Use the thumbs up and down symbols. I use 'em all the time. Just don't use on my reviews, mmmmkay? I put a lot of work into them.

 

 

Give a BRIEF synopsis of the story.

I don't always do this if the synopsis is properly in the description above reviews.

Note the type of sex, is it "soft porn",, smutt. erotic, mild, young adult where the door is closed? 

I don't read that kind of junk so it doesn't apply to me. That info belongs in the description anyway. 

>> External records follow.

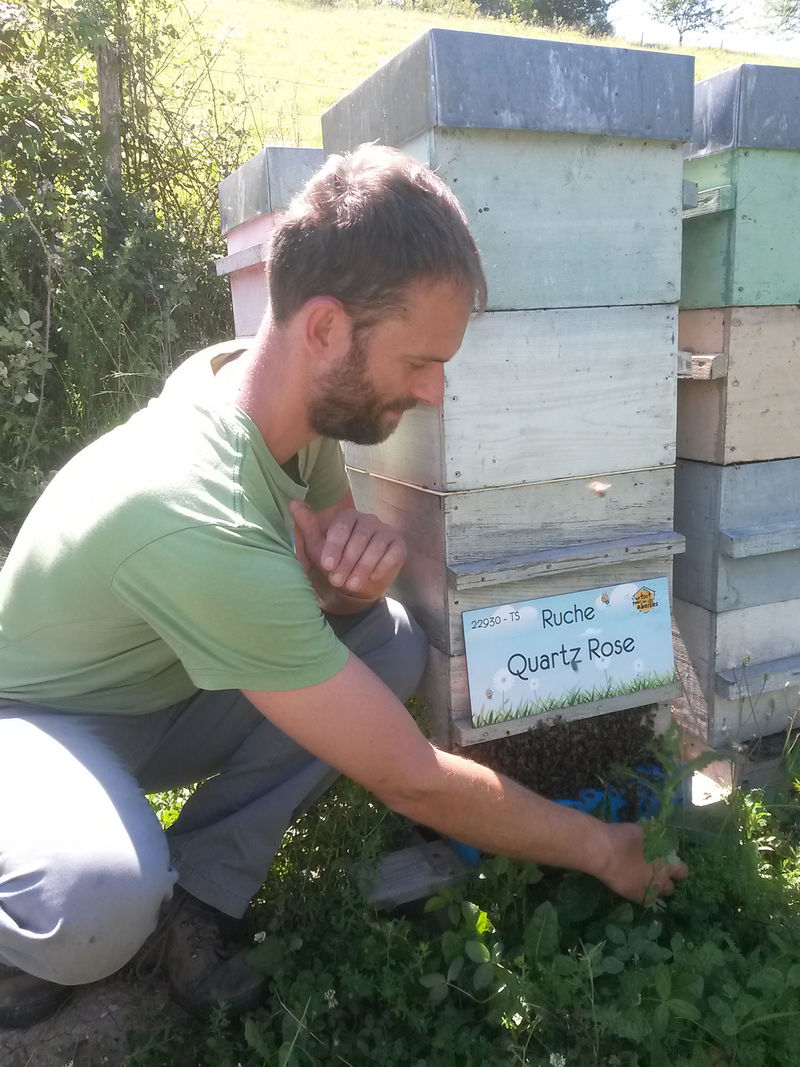 La ruche Quartz Rose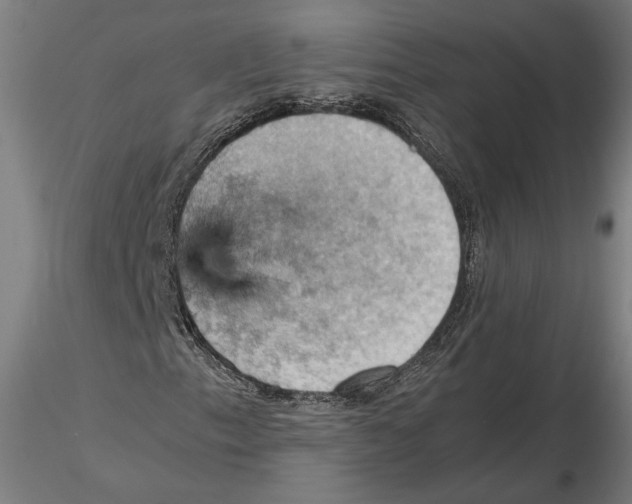 X0000115411153200912011333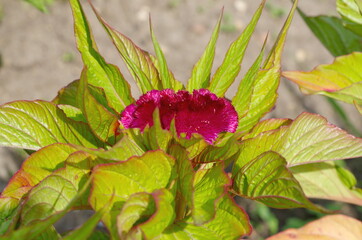 Celosia comb (Lat. Celosia argentea f. cristata) in the garden close-up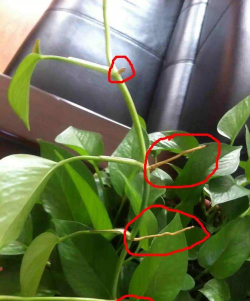 家养花卉杀虫生根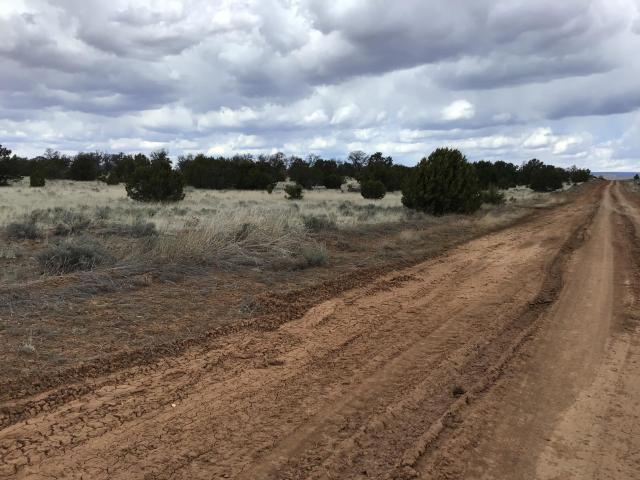 Land for sale in Ramah, New Mexico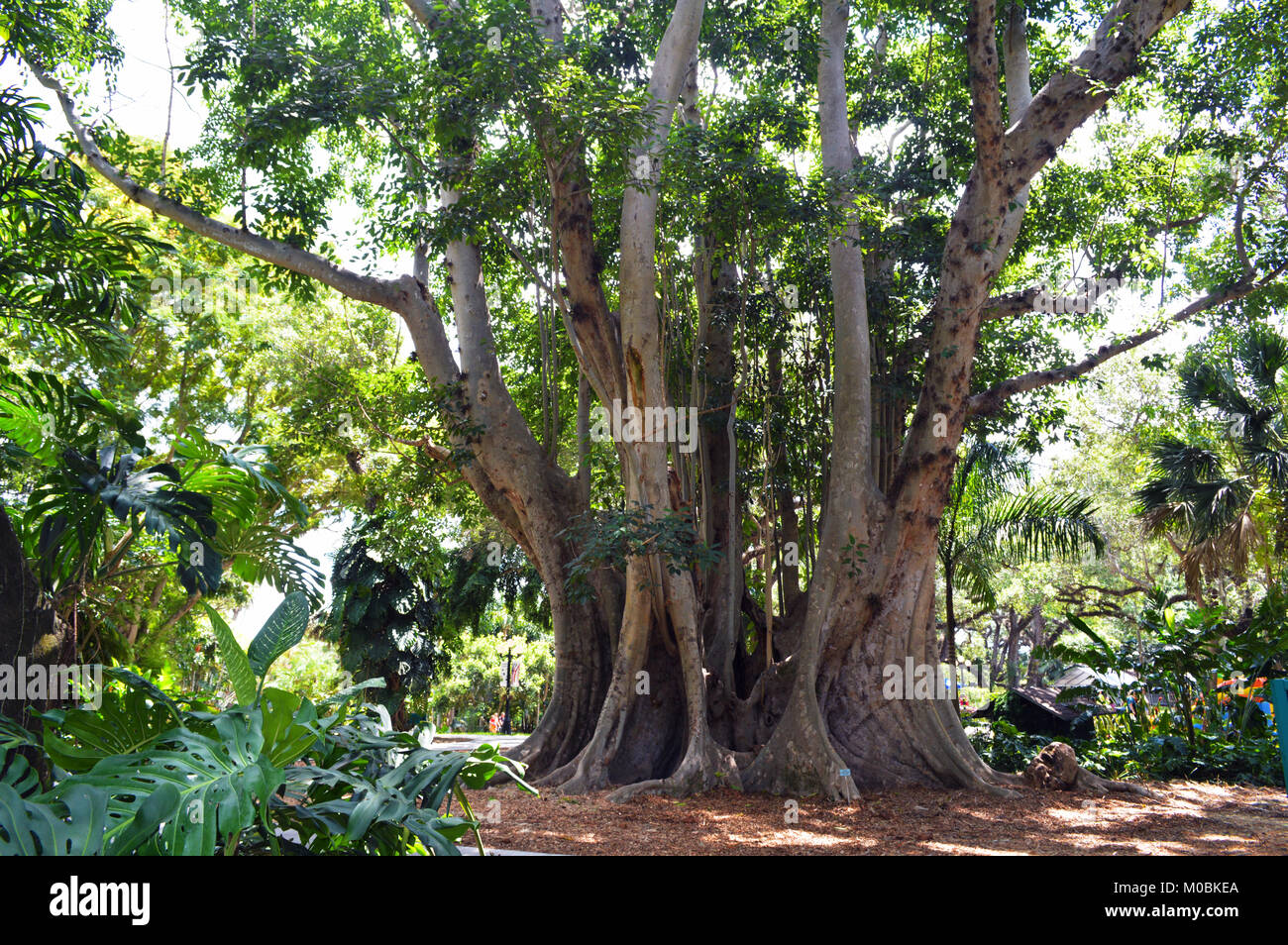 Baum breite Amtsleitung in einem Wald Stockfoto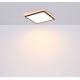 Globo - LED Dimbare badkamer plafondverlichting LED/18W/230V 29,4x29,4 cm IP44 zwart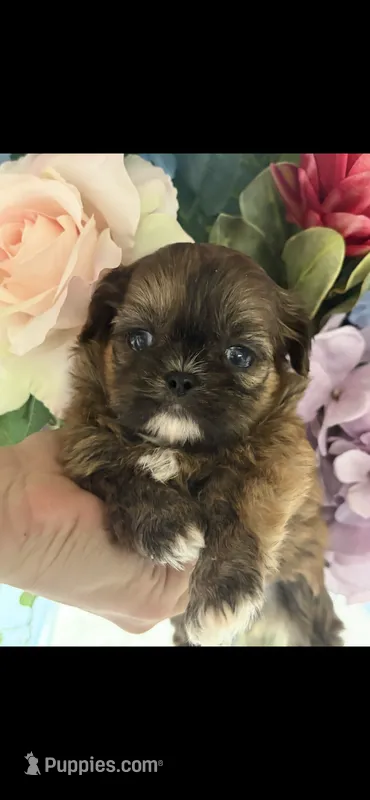 Bella  – Shih Tzu puppy for sale in Sarasota, FL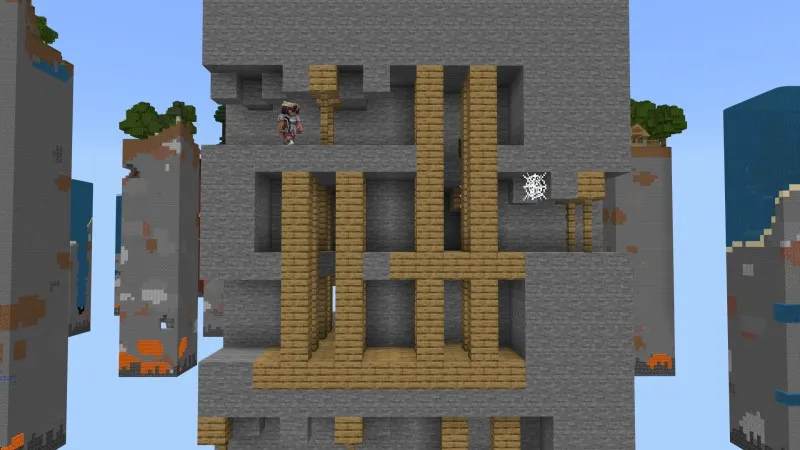 Skyblock Chunk Biomes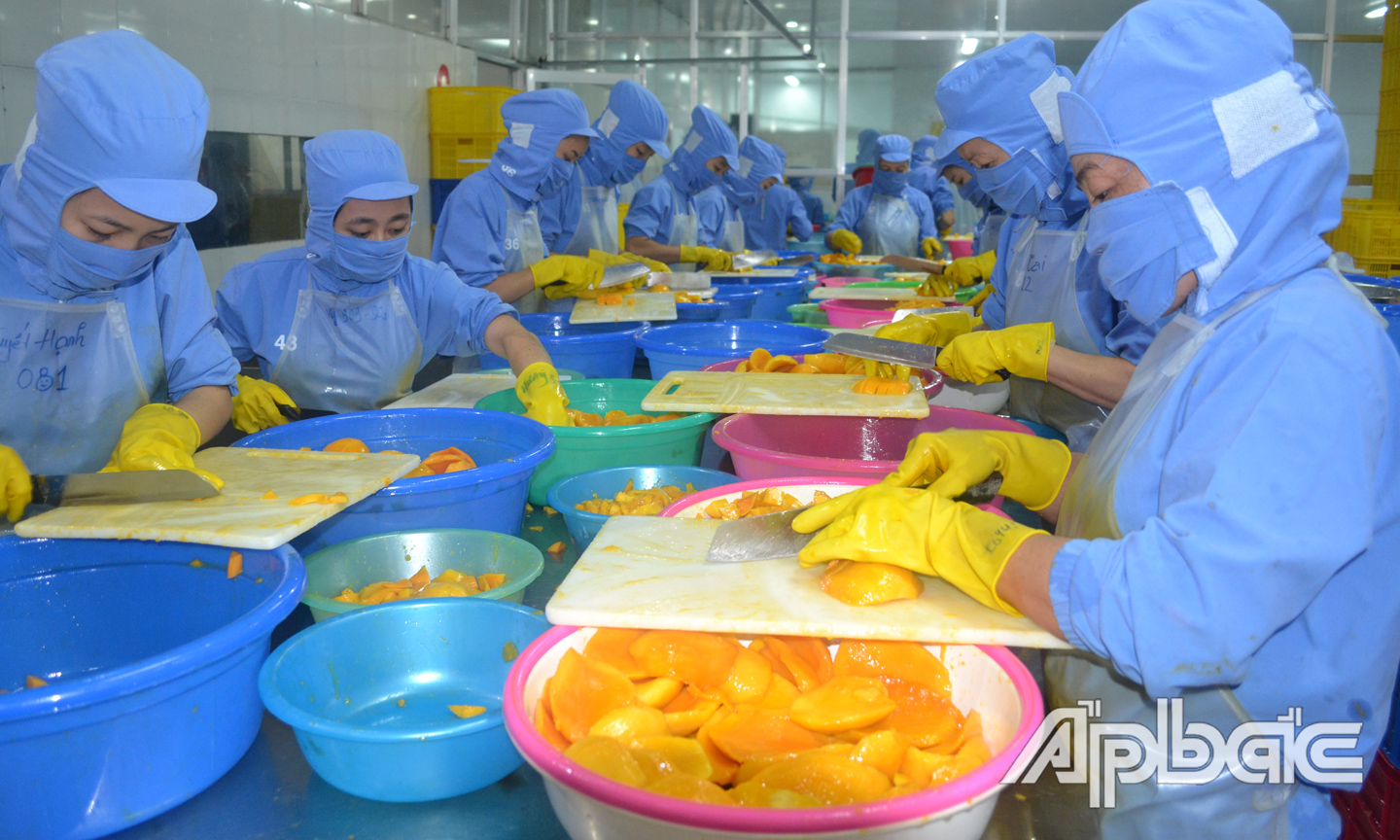 Tiền Giang chú trọng ứng dụng công nghệ vào chế biến nông sản.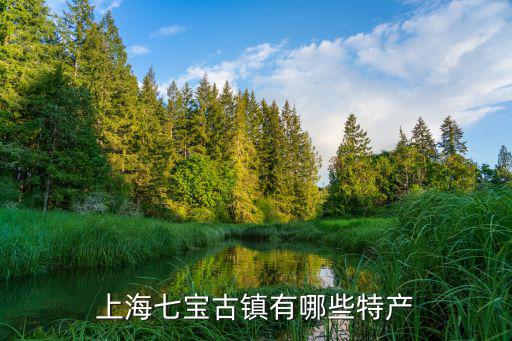 上海七寶古鎮有哪些特產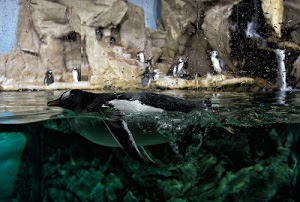 acqua, pinguini, acquario, gocce, rocce, pinne, animali, verde, vetro, pinguino, scogliera, nero, nuotare, bianco, vasca, trasparente, uccelli, mare, becco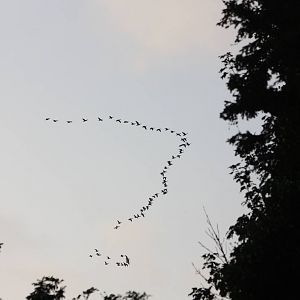 Geese flying over Sewerby Hall and Gardens, Bridlington. 14th September 201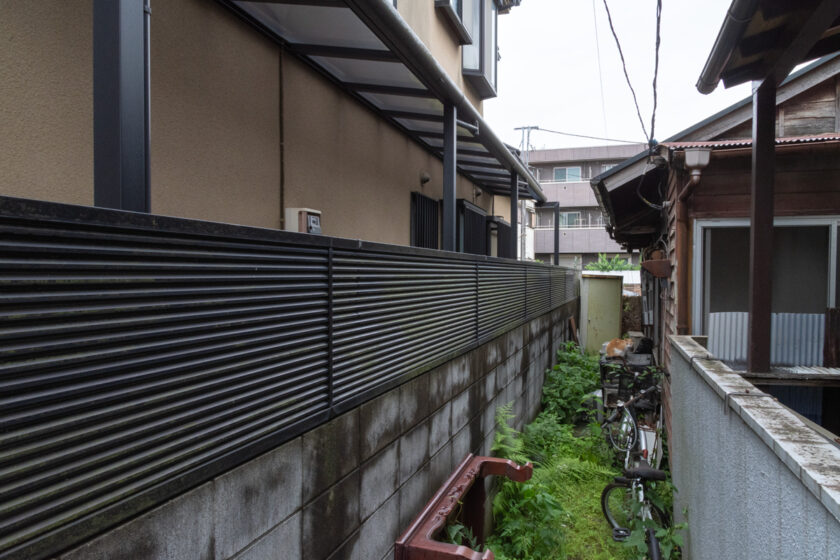 立川市の猫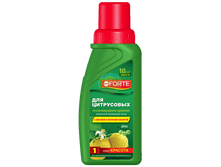 �� ������� №1 ��� ���������� (������ 285 ��).png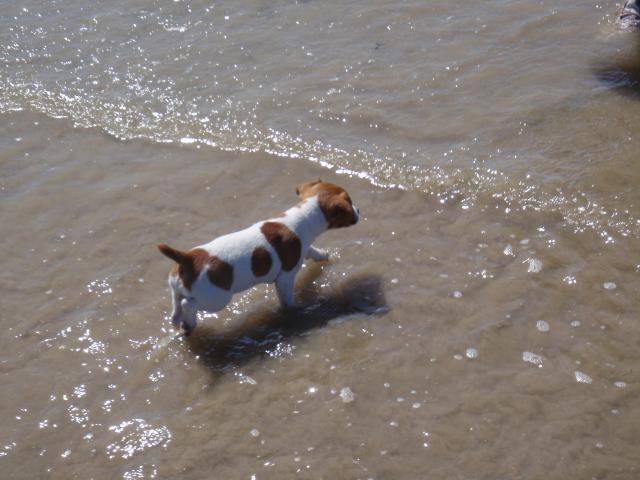 Jack russel Fitzy -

Character development:  Did it fit, was the actions of the character fitting for their age, was it believable, did you or did you not  like hero/heroine, and WHY.

Yes. check.

Setting:  Believable, realistic?....Are the mannerism, behaviors fitting?

Anachronistic, you mean?

Is it fleshed out?  Or too much? 

Yes. check.

Were you immersed in the story, did you feel as if you were there, or felt totally confused and if so WHY?

Yes. Check.

Is it a romance, does it have a Happy Ever After, or does it set it up for another book, does it leave too many questions unanswered?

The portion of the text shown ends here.